Natürliche Quasikristalle entdeckt
Legierung aus Aluminium, Kupfer und Eisen zeigt – eigentlich verbotene – Ikosaederstruktur
Legierung aus Aluminium, Kupfer und Eisen zeigt – eigentlich verbotene – Ikosaederstruktur
Florenz (Italien)/ Princeton (USA) – Der Aufbau von Kristallen folgt in der Natur strengen Regeln. Vier Symmetrieklassen genügten bisher, um die periodisch angeordneten Atome in den Kristallgitterstrukturen einzuordnen. Doch italienische und amerikanische Mineralogen fanden nun in einer Legierung aus Aluminium, Kupfer und Eisen eine Fünfer-Symmetrie und berichten darüber in der Zeitschrift "Science". Solche Quasikristalle konnten bisher nur im Labor gezüchtet werden und galten unter natürlichen, geologischen Bedingungen als instabil.
Abb.: In dieser Mineralprobe von der russischen Kamschatka-Halbinsel verbergen sich natürliche Quasikristalle aus einer Almunium-Kupfer-Eisen-Legierung. (Bild: AAAS/Science)
"Ein nahezu perfekter und natürlicher Quasikristall, der sich unter geologischen Bedingungen formen konnte, hätte große Auswirkungen auf die Geologie und die Festkörperphysik", schreiben Luca Bindi von der Universität Florenz und seine Kollegen von der Princeton University.

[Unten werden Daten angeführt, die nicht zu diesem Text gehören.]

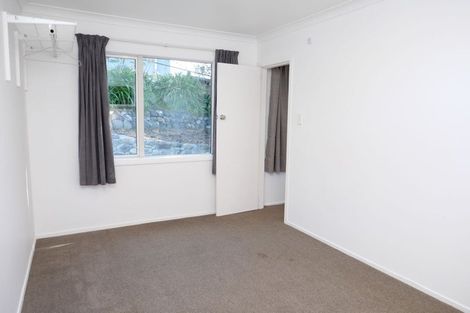 Photo of property in 60 Martin Road, Paraparaumu Beach, Paraparaumu, 5032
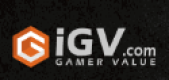 IGV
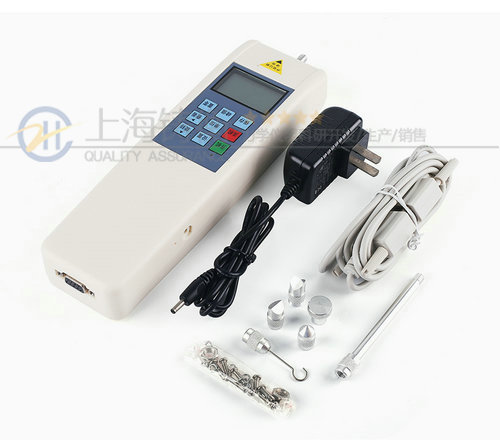 ����ʽ��(sh��)�@�y��Ӌ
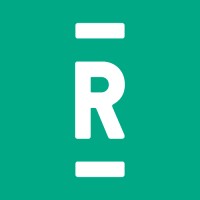 Réflecteur logo - Similar company to Optimise Action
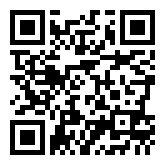 http://www.hoaujd.com/zi/410029.html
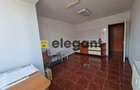 Pretabil birouri! 2 camere, 50 mp, etaj 1, Calea Bucuresti-Stomatologie  - 4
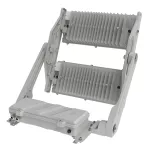 Oprawa FLOODLIGHT MAX MAX P 900/1200W 740 R10 WAL LEDV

Einen ersten Beweis, dass Quasikristalle tatsächlich in der Natur vorkommen können, haben die Forscher nun in einer Mineralprobe aus den Karyak-Bergen auf der russischen Kamschatka-Halbinsel gefunden. Umgeben von den bekannten Mineralen Cupalit und Khartyrkit entdeckten sie winzige Körnchen, die in rotationssymmetrischen Ikosaeder kristallisiert waren.
Die Struktur ihrer Probe untersuchten die Wissenschaftler sowohl unter einem Transmissionselektronenmikroskop, über die Rückstreuung von Elektronen und über Röntgendiffraktionsmuster. Die Ergebnisse zeigten deutlich, dass die Metall-Legierung tatsächlich Fünfer-Symmetrien und Ikosaeder-Strukturen aufwies. Bisher gelang die Synthese von vergleichbaren, etwa 100 verschiedenen Quasikristallen nur unter Laborbedingungen.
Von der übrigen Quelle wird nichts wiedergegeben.